Action item:
Apart from the pictures, every entry must be retyped exactly.

Web page caption snippets
▬▬▬
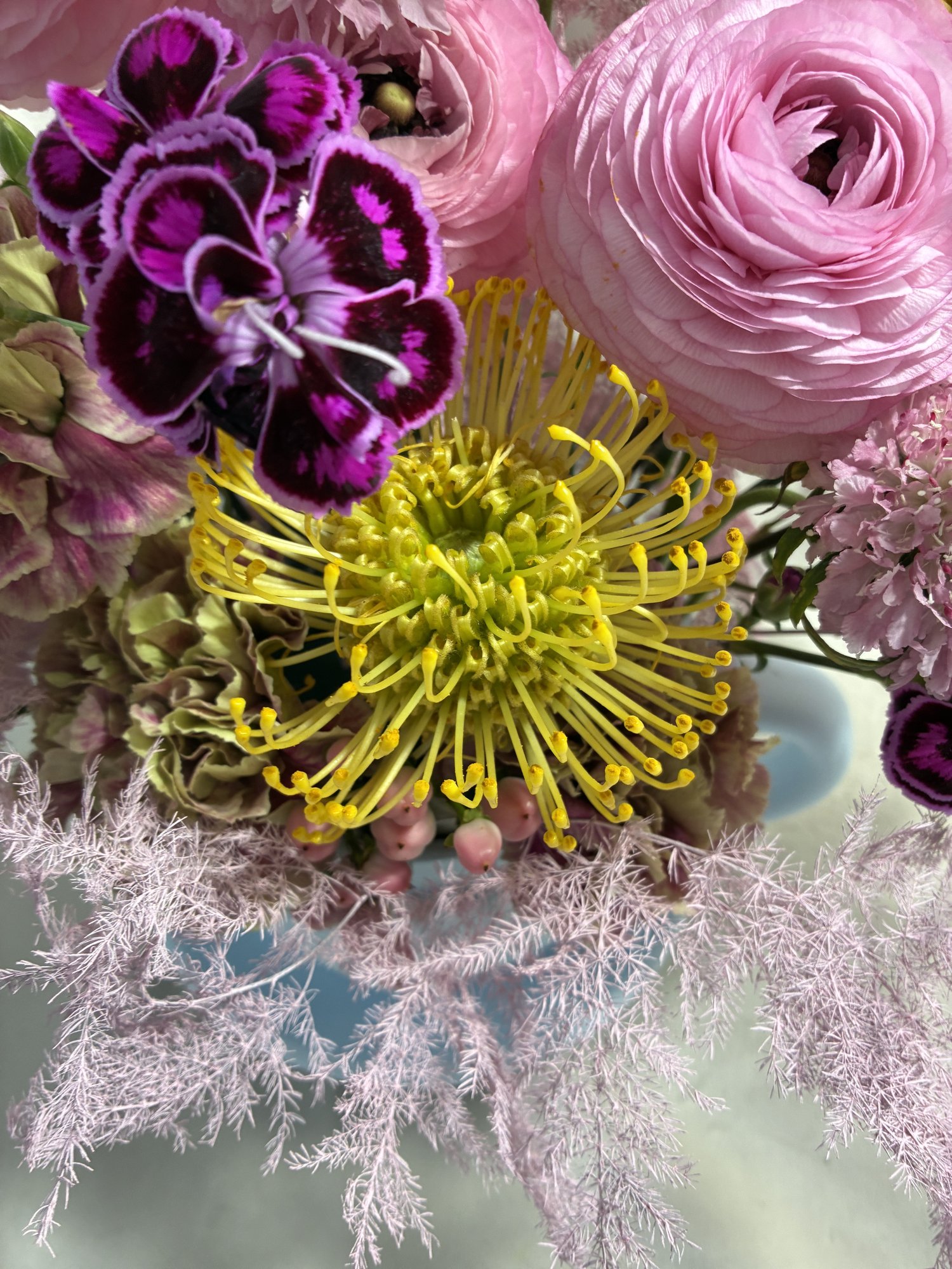 Pastel Reverie – Aranjament floral în ceașcă cu ranunculus și accente exotice - Imagine 3
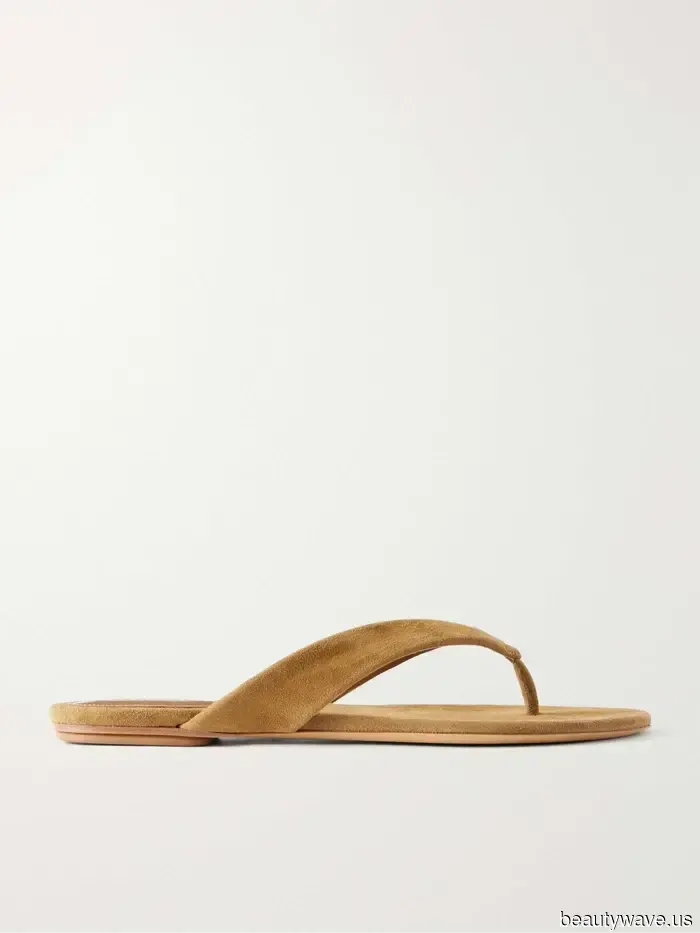 Skip the jeans—I believe that flip-flops and ballet flats appear most stylish when matched with this summer trend.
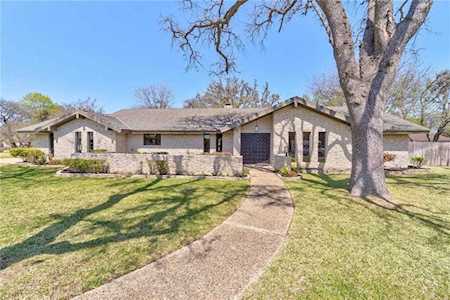 3700 Saddlestring TRL Austin, TX 78739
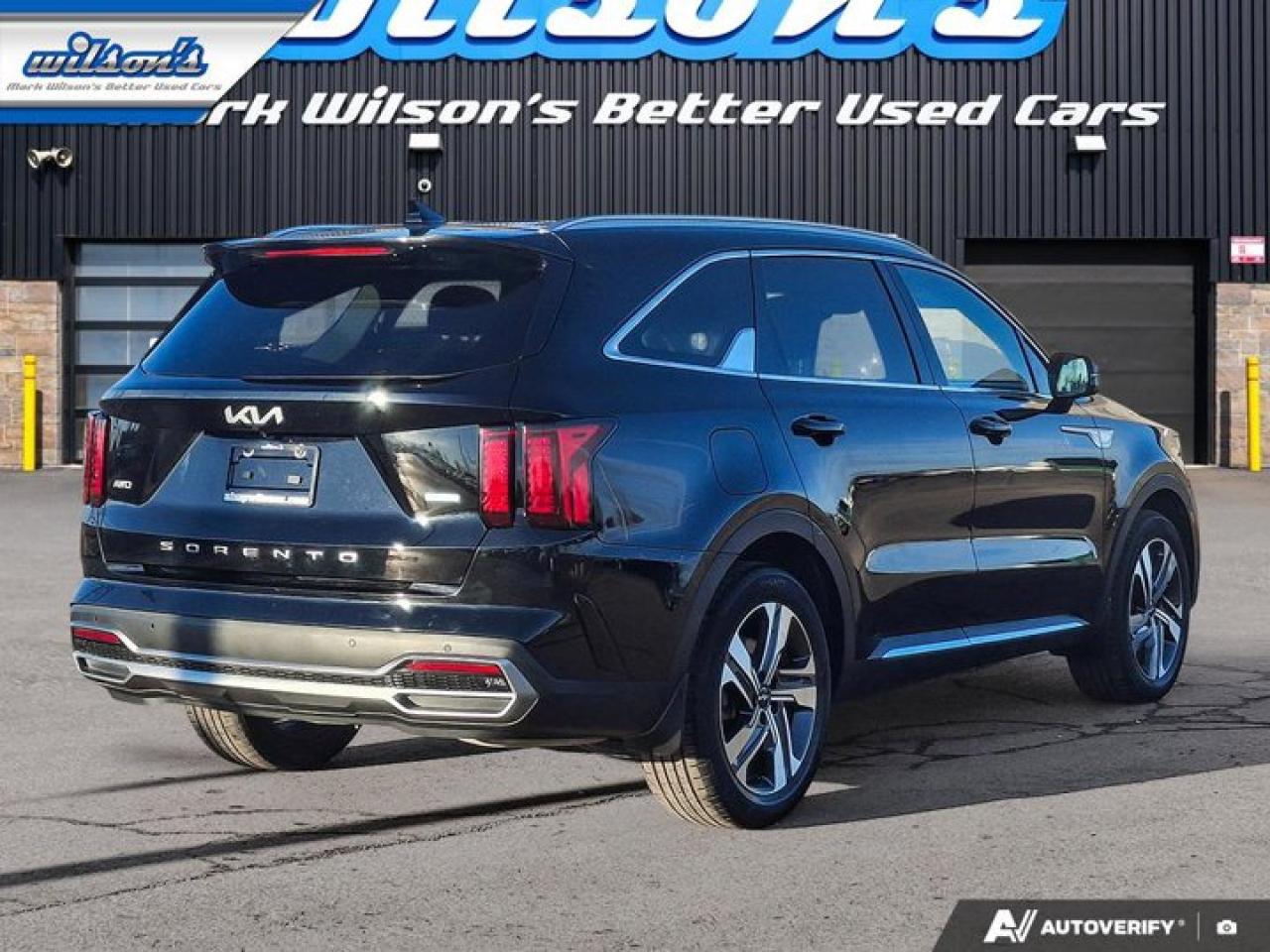 2022 Kia Sorento Plug-In Hybrid EX AWD | PHEV | BSM | Carplay and Android Auto | 2nd Row Captain's Chairs | Heated Seats & More ! Photo4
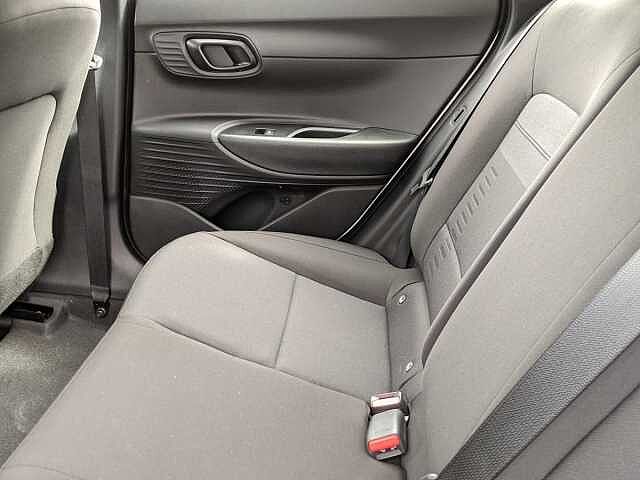 Hyundai BAYON 1.0 TGDi Advance 5dr White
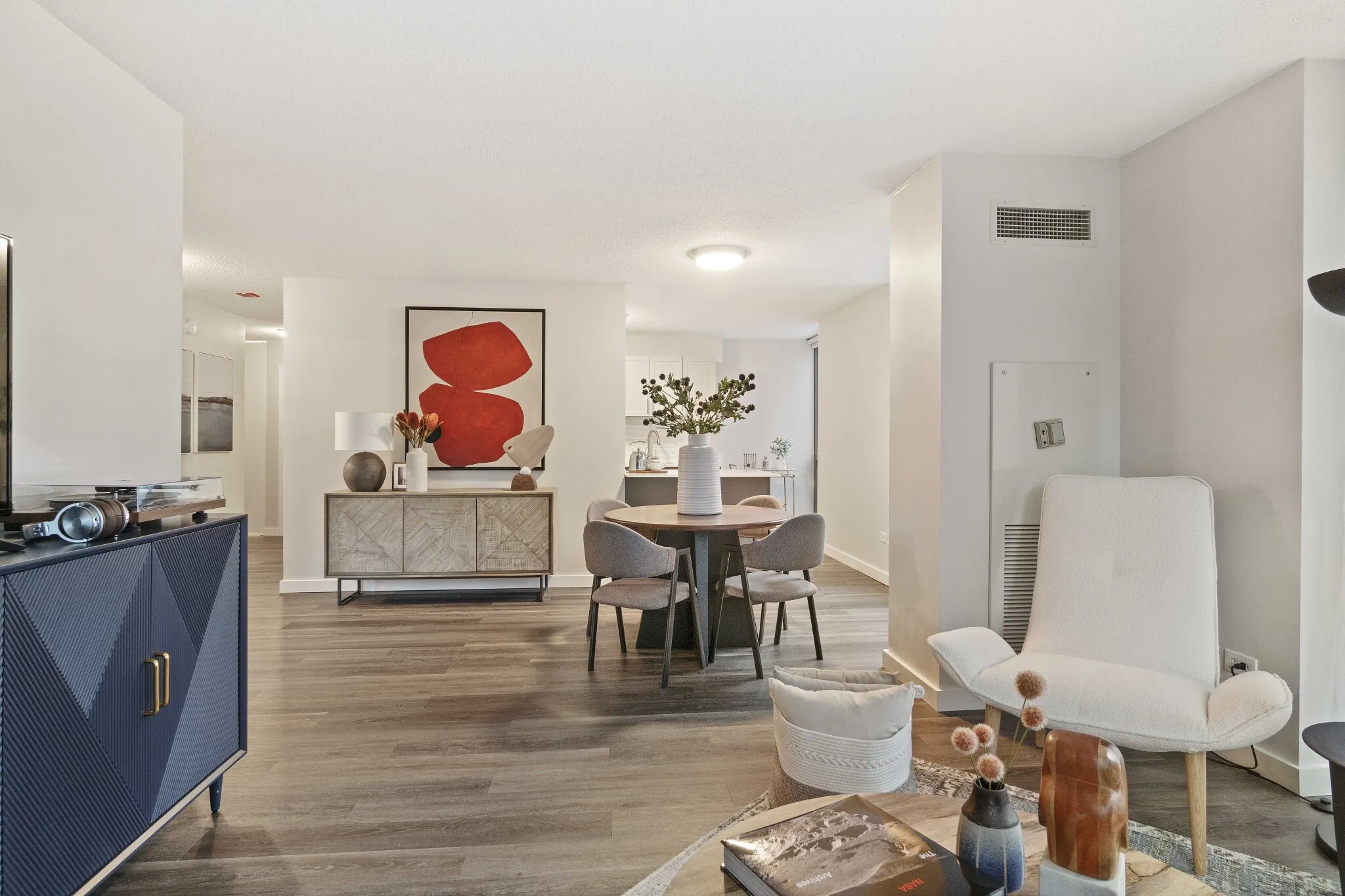 400 East South Water Street, ,  60601, USA 60601-unit#2/2-Chicago-IL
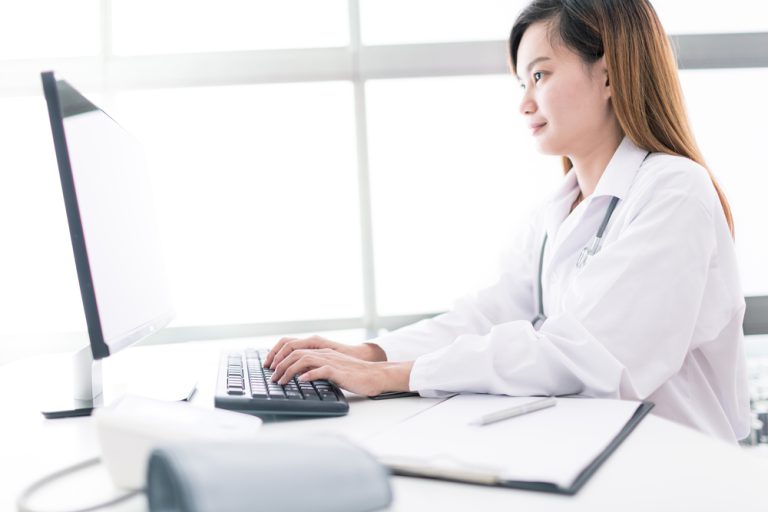 How do doctors assess the need for specialist referral online?
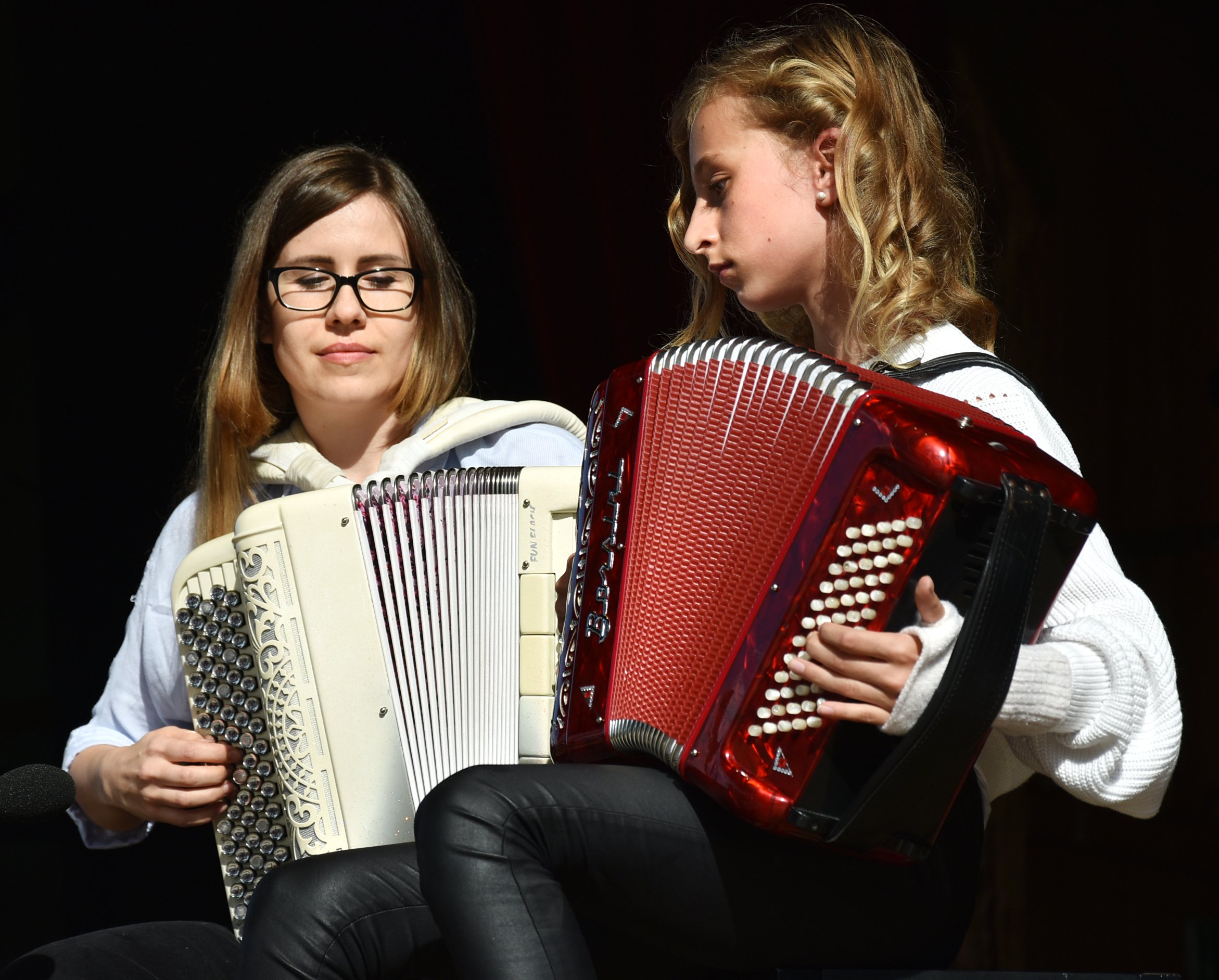 Mabel spielte gemeinsam mit ihrer Lehrerin Yvonne Grünwald, die am Sonntag auch das Familienkonzert gab.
▬▬▬
Written solution:
 Pastel Reverie – Aranjament floral în ceașcă cu ranunculus și accente exotice - Imagine 3
 Skip the jeans—I believe that flip-flops and ballet flats appear most stylish when matched with this summer trend.
 3700 Saddlestring TRL Austin, TX 78739
 2022 Kia Sorento Plug-In Hybrid EX AWD | PHEV | BSM | Carplay and Android Auto | 2nd Row Captain's Chairs | Heated Seats & More ! Photo4
 Hyundai BAYON 1.0 TGDi Advance 5dr White
 400 East South Water Street, ,  60601, USA 60601-unit#2/2-Chicago-IL
 How do doctors assess the need for specialist referral online?
 Mabel spielte gemeinsam mit ihrer Lehrerin Yvonne Grünwald, die am Sonntag auch das Familienkonzert gab.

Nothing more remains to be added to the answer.